Code as Infrastructure8 czerwca, 2021
A few months ago, I was asked if there were any older technologies other than COBOL where we were in serious danger of running out of talent. They wanted me to talk about Fortran, but I didn’t take the bait. I don’t think there will be a critical shortage of Fortran programmers now or at any time in the future. But there’s a bigger question lurking behind Fortran and COBOL: what are the ingredients of a technology shortage? Why is running out of COBOL programmers a problem?
The answer, I think, is fairly simple. We always hear about the millions (if not billions) of lines of COBOL code running financial and government institutions, in many cases code that was written in the 1960s or 70s and hasn’t been touched since.

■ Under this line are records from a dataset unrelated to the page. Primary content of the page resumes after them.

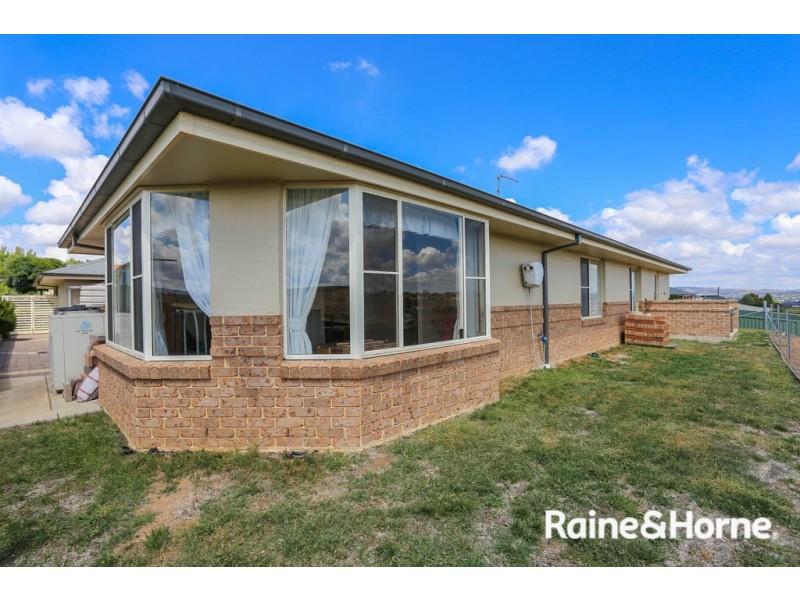 30 Emerald Drive, Kelso NSW 2795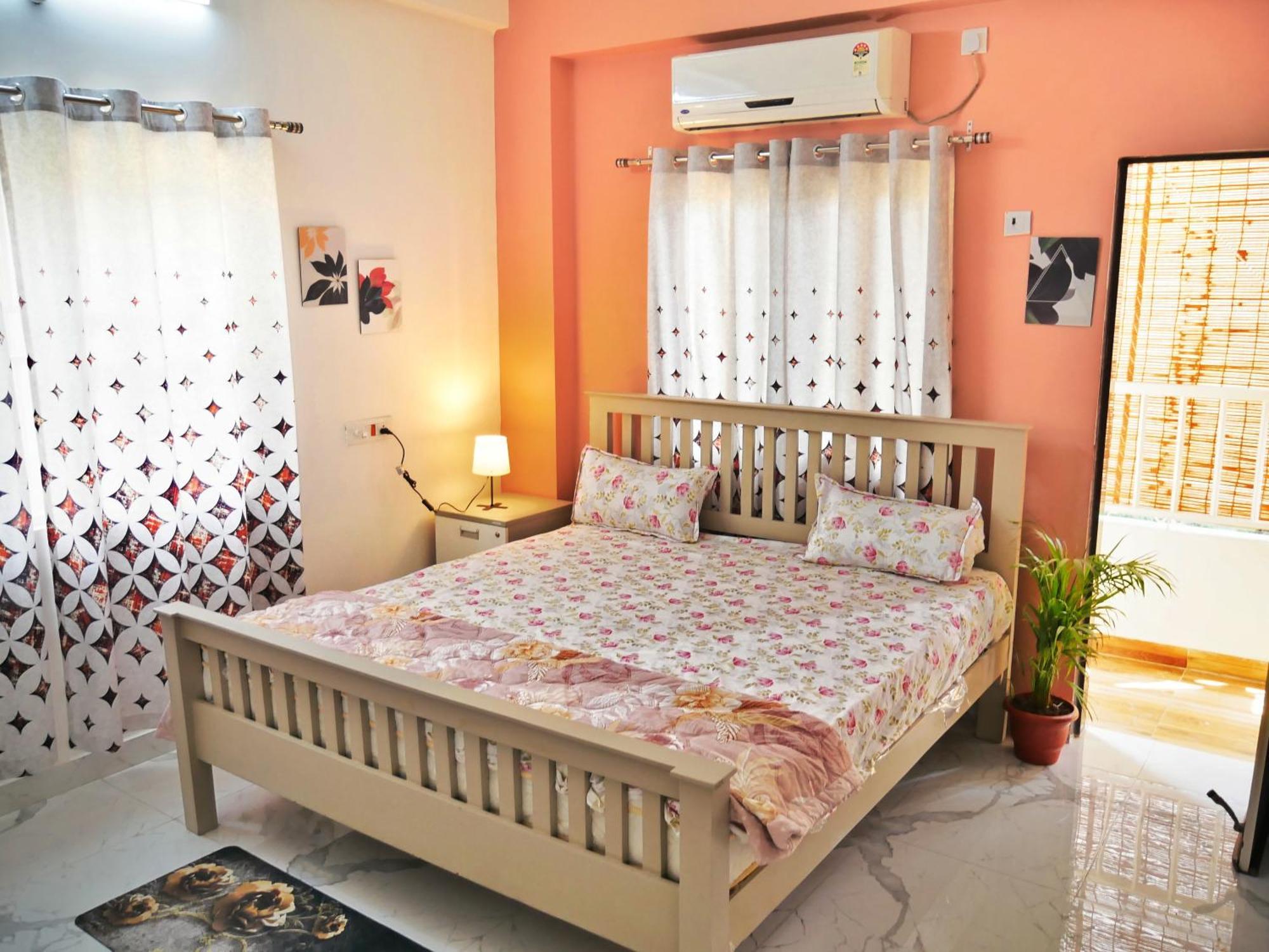 Cityscape Comfort - Stylish 3bhk Getaway Hyderabad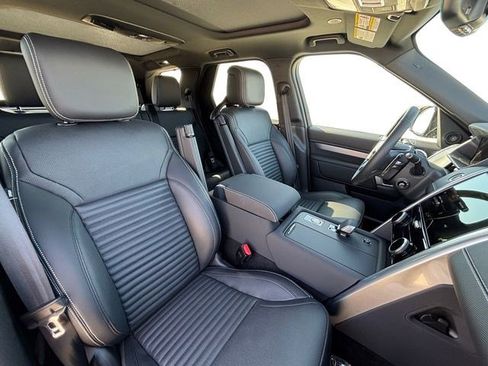 Used 2025 Land Rover Discovery Dynamic SE AWD/4WD image 19
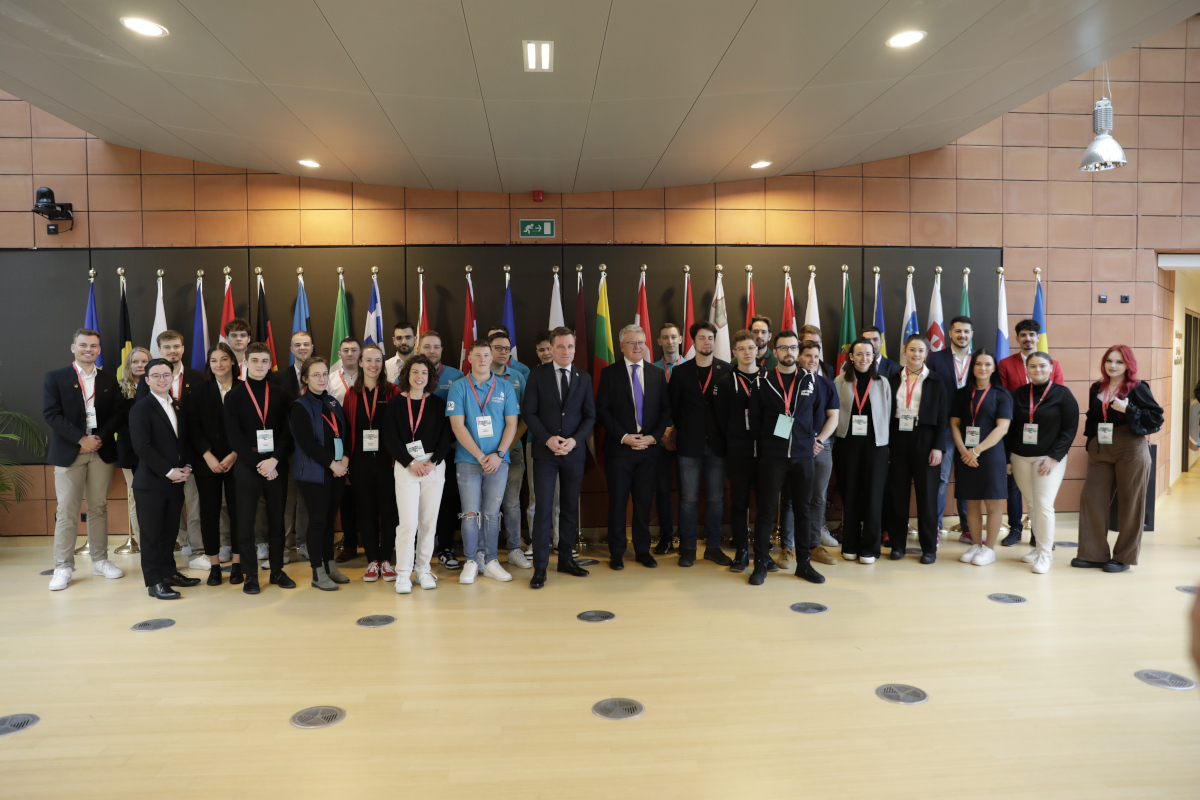 Deutsche WorldSkills- und EuroSkills-Champions treffen EU-Kommissar - worldskillsgermany.com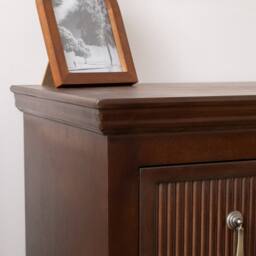 Melody Maison 3 Drawer Dark Wood Reeded Chest Of Drawers - Georgian Range in Dark Brown - thumbnail 6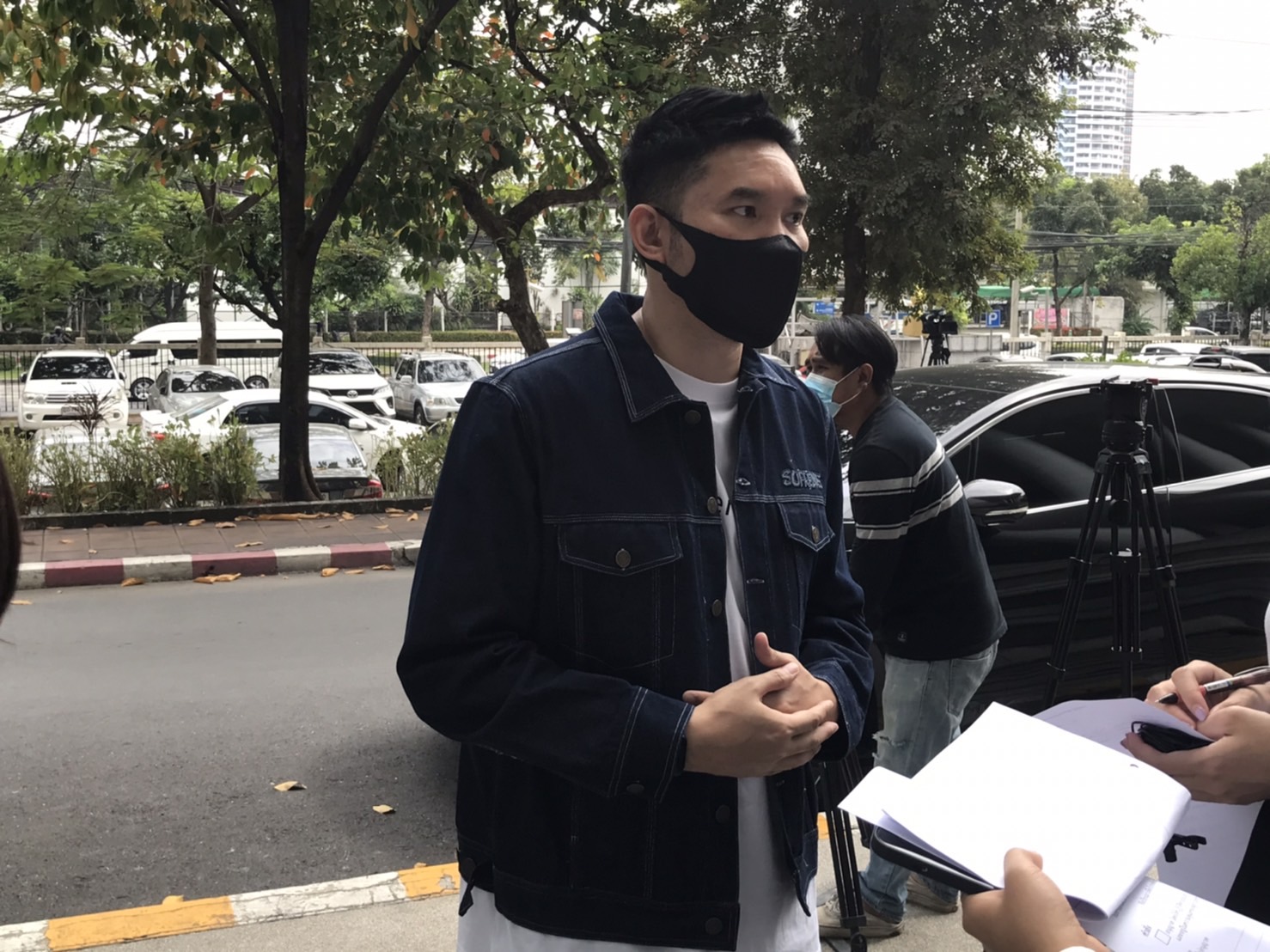 กอล์ฟ ปวีณ ร้องศาล ถูกกดดันจากเพื่อนบ้าน ทั้งที่สร้างบ้านบนพื้นที่ตัวเอง กอล์ฟ ปวีณ ร้องศาล ถูกกดดันจากเพื่อนบ้าน ทั้งที่สร้างบ้านบนพื้นที่ตัวเอง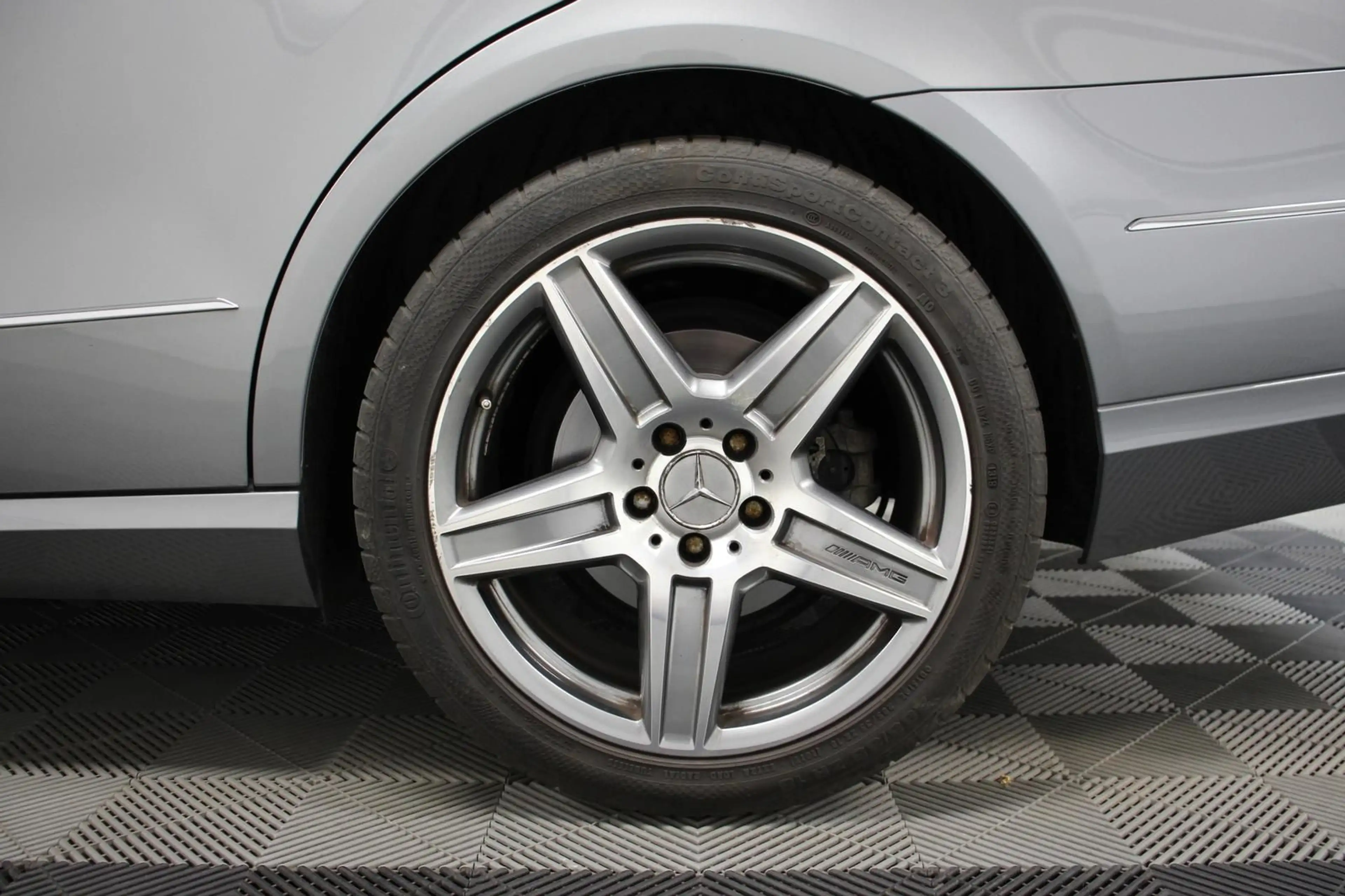 Mercedes-Benz E 350 Avantgarde Lim. Aut. NAVI TEMP XENON TOTW — photo 5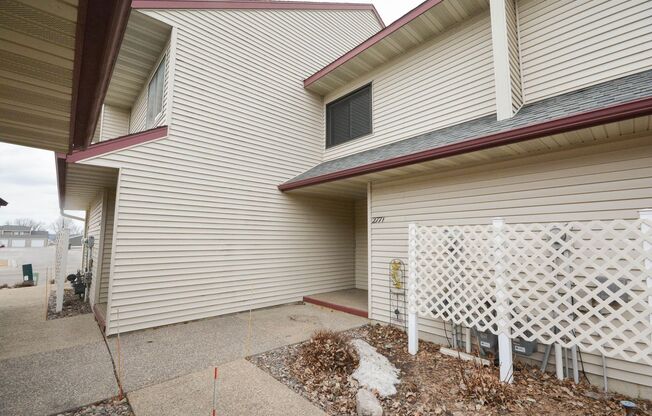 Quiet townhouse in excellent location near tons of new shopping & dining options!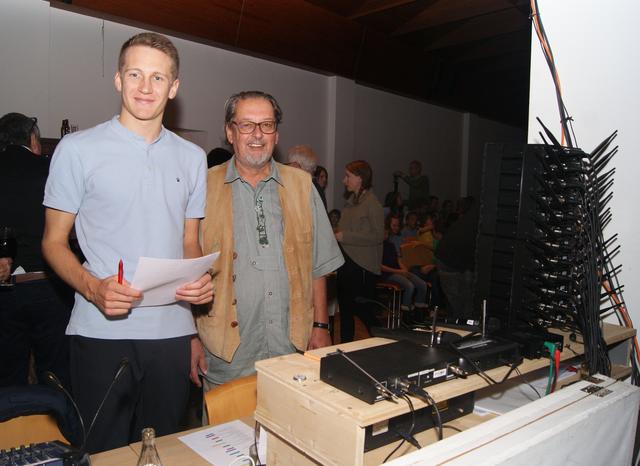 Christoph und Klaus von den Volksschauspielen Steinach übernahmen den technischen Support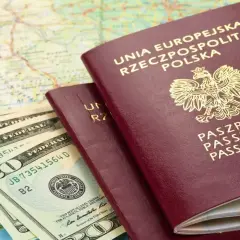 Dwa polskie paszporty, banknoty dolarowe i mapa. Planujesz podróż do Szwajcarii i zastanawiasz się, czy jest w Schengen?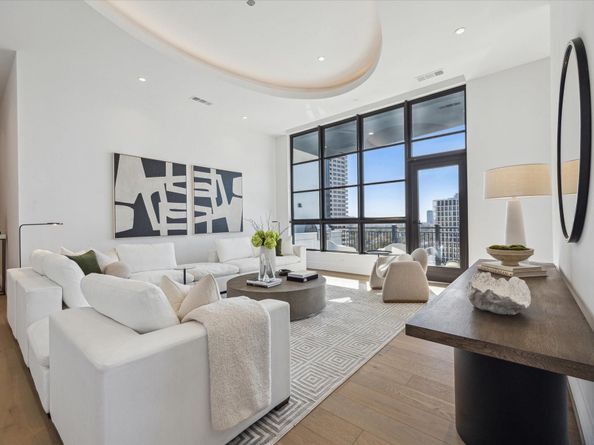 2360 S Rice Boulevard PH1201, Houston TX 77005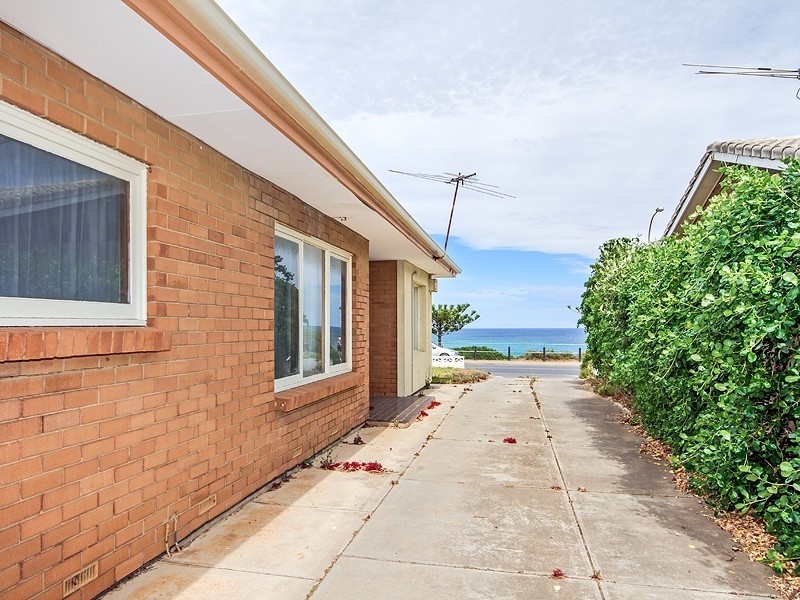 34 Esplanade, Christies Beach SA 5165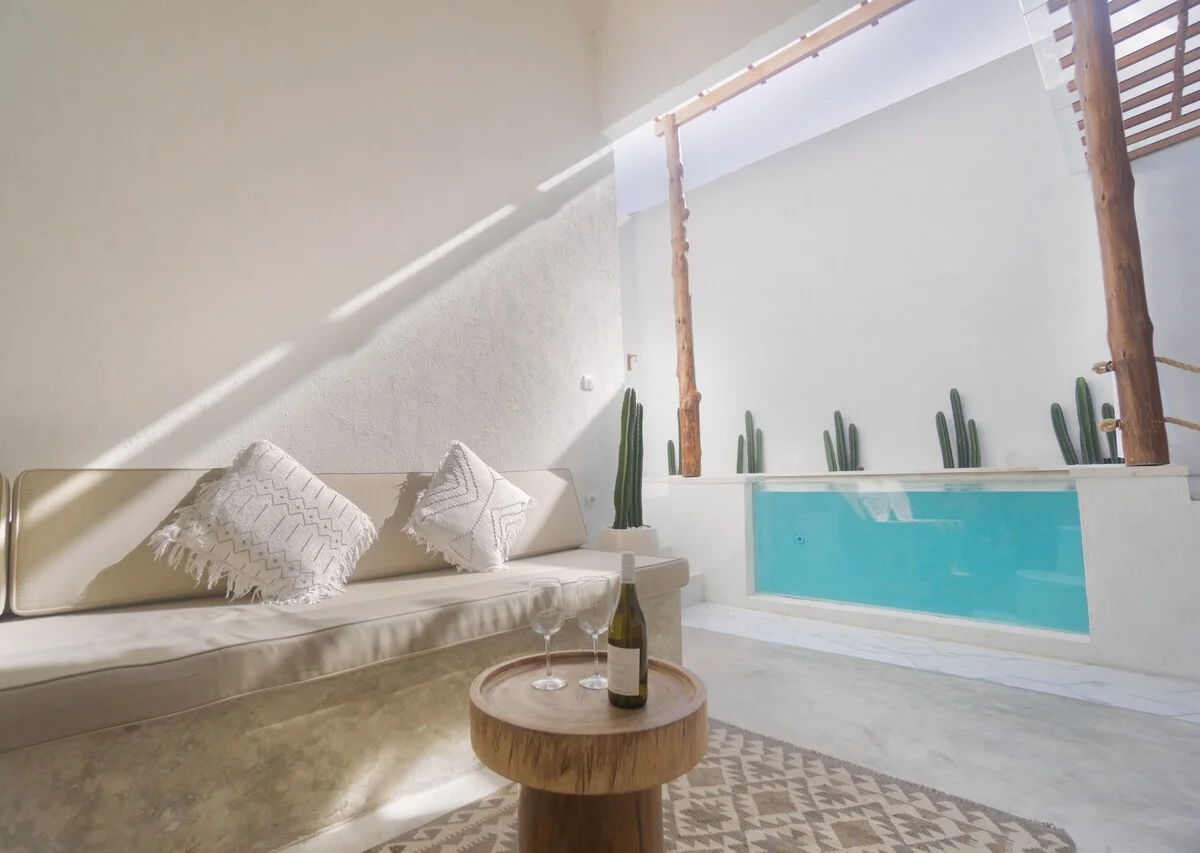 Modern 2-Bedroom Minimalist Villa with Private Pool in Kerobokan — image 8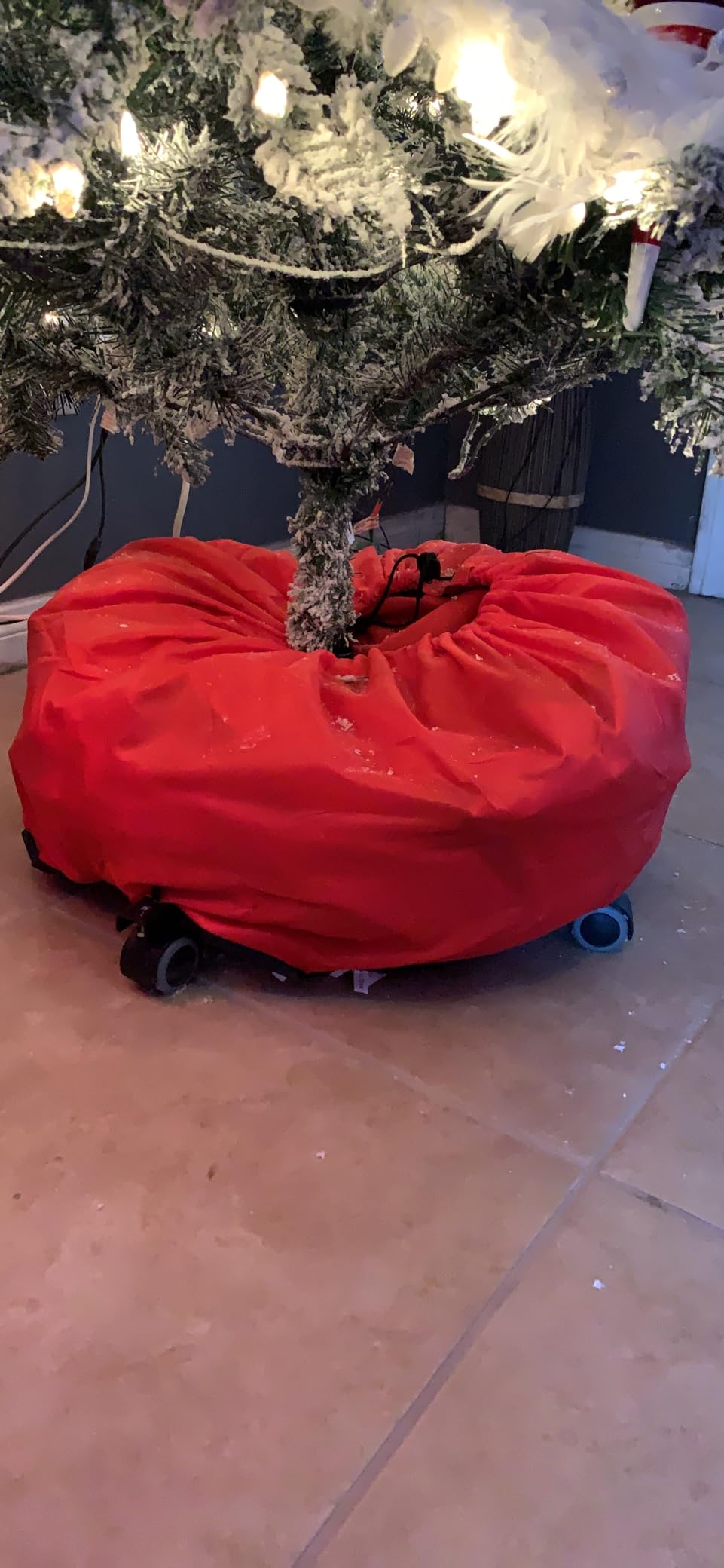 Christmas Tree Stand Base with Wheels, Movable Christmas Fake Tree Holder, Fits up to 7.5 FT Artificial Trees, Plant Caddy with Wheels, Plant Taxi, Plant Dolly Cart After Christmas (Green) customer photo 2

That means that COBOL code is infrastructure we rely on, like roads and bridges. If a bridge collapses, or an interstate highway falls into disrepair, that’s a big problem. The same is true of the software running banks.
Fortran isn’t the same. Yes, the language was invented in 1957, two years earlier than COBOL. Yes, millions of lines of code have been written in it. (Probably billions, maybe even trillions.) However, Fortran and COBOL are used in fundamentally different ways. While Fortran was used to create infrastructure, software written in Fortran isn’t itself infrastructure. (There are some exceptions, but not at the scale of COBOL.) Fortran is used to solve specific problems in engineering and science. Nobody cares anymore about the Fortran code written in the 60s, 70s, and 80s to design new bridges and cars. Fortran is still heavily used in engineering—but that old code has retired. Those older tools have been reworked and replaced. Libraries for linear algebra are still important (LAPACK), some modeling applications are still in use (NEC4, used to design antennas), and even some important libraries used primarily by other languages (the Python machine learning library scikit-learn calls both NumPy and SciPy, which in turn call LAPACK and other low level mathematical libraries written in Fortran and C). But if all the world’s Fortran programmers were to magically disappear, these libraries and applications could be rebuilt fairly quickly in modern languages—many of which already have excellent libraries for linear algebra and machine learning. The continued maintenance of Fortran libraries that are used primarily by Fortran programmers is, almost by definition, not a problem.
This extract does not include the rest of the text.